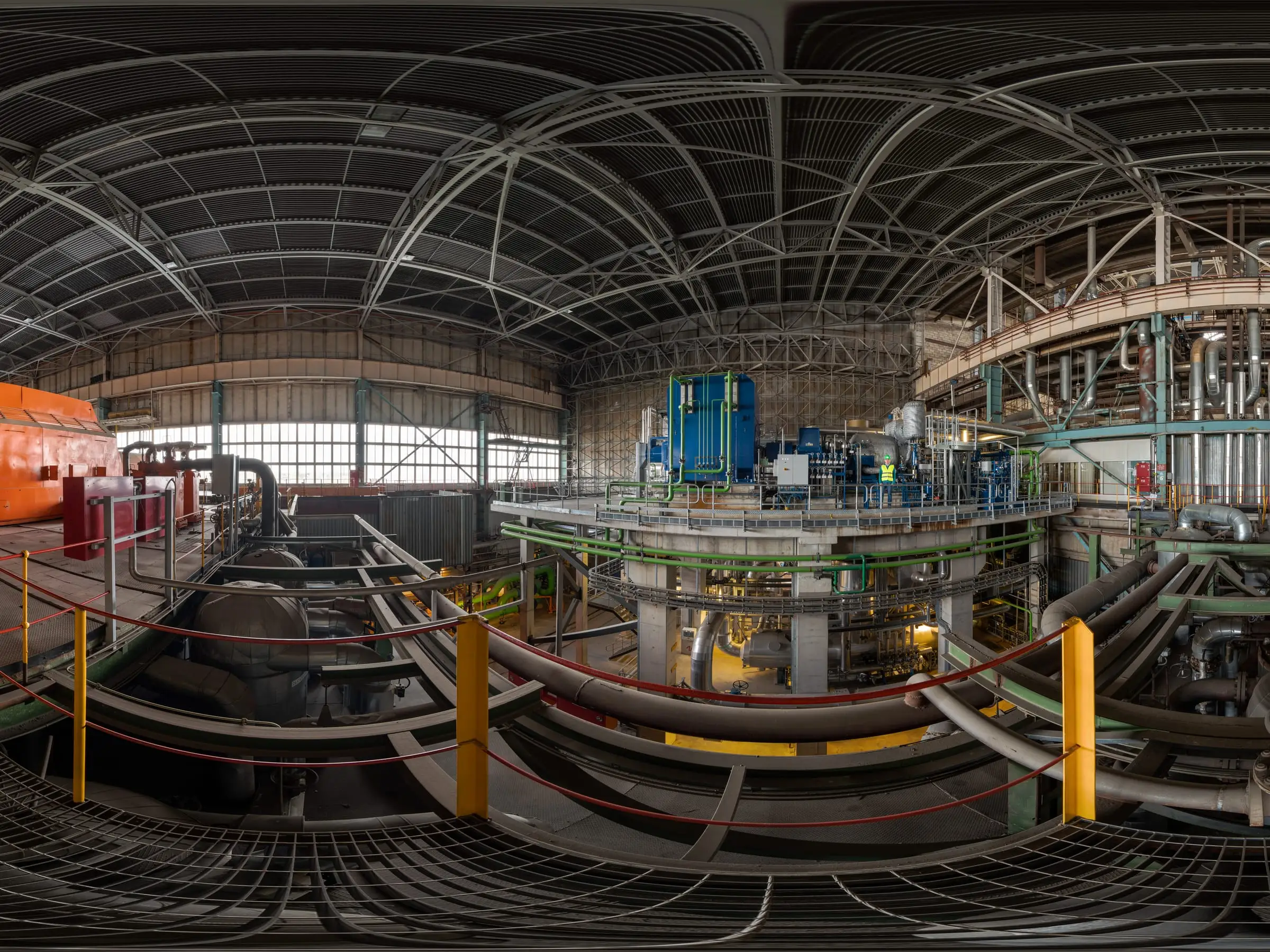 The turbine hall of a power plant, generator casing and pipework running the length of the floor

--

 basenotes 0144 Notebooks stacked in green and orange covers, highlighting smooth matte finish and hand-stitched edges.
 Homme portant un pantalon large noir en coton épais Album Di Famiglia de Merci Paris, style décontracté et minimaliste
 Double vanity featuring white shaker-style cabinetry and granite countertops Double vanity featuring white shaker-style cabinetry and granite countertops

---

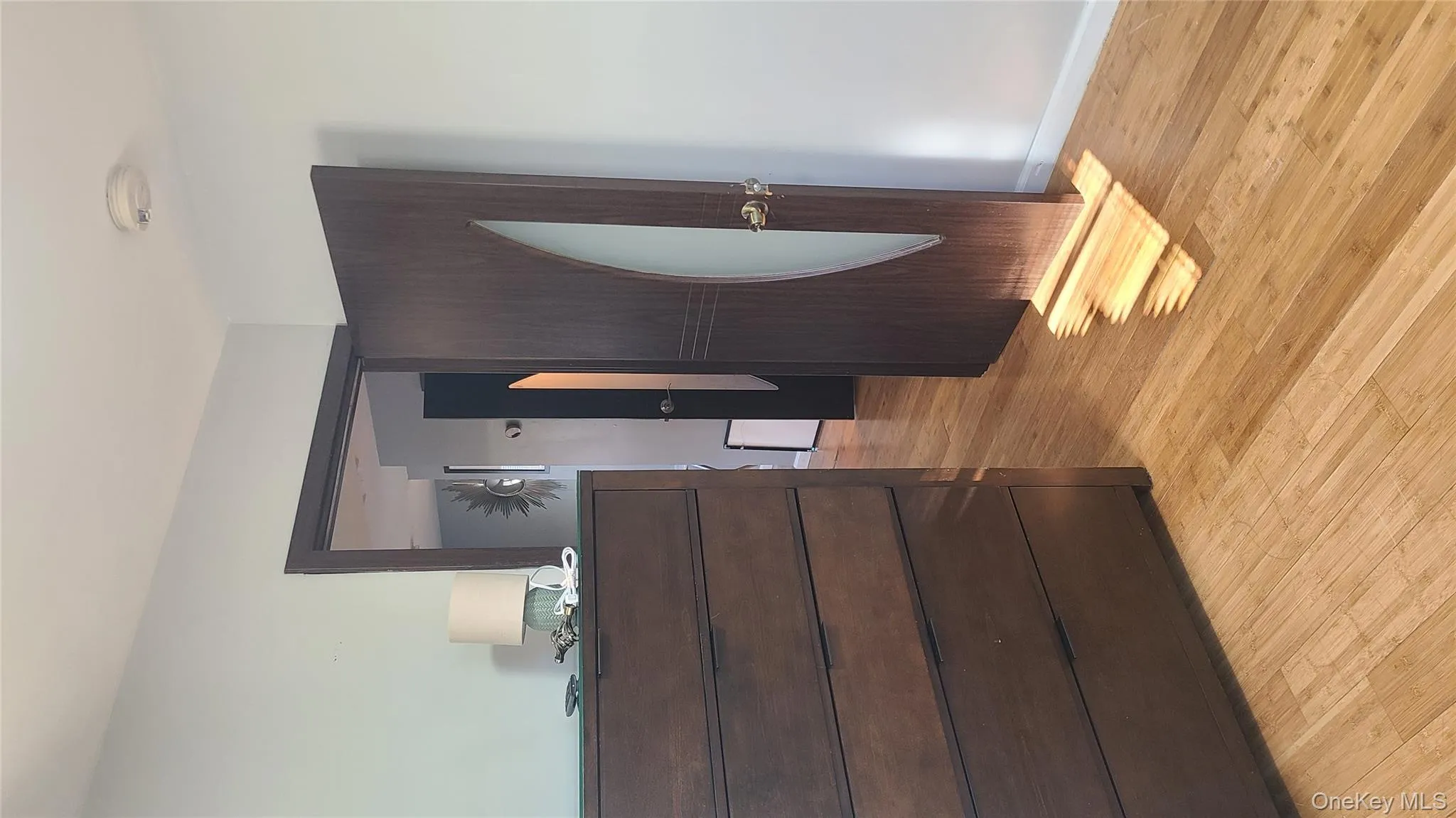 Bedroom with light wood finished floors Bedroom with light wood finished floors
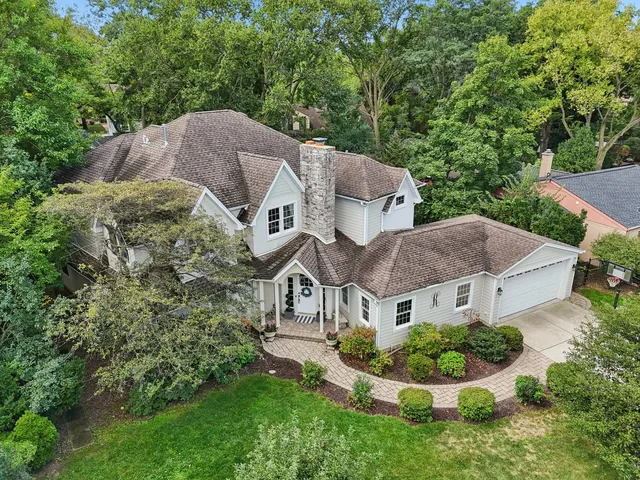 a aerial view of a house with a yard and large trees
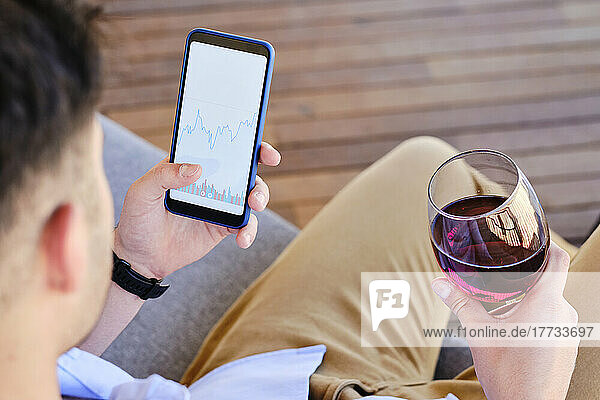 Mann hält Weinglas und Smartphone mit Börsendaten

## EXERCISE OBJECTIVE
Given the records above, return the lines starting at the one that holds "Bedroom with light wood finished floors Bedroom" and ending at the one that holds "Mann hält Weinglas", exactly, and nothing besides; leave every picture out.

## SOLUTION TO THE PROBLEM
 Bedroom with light wood finished floors Bedroom with light wood finished floors
 a aerial view of a house with a yard and large trees
 Mann hält Weinglas und Smartphone mit Börsendaten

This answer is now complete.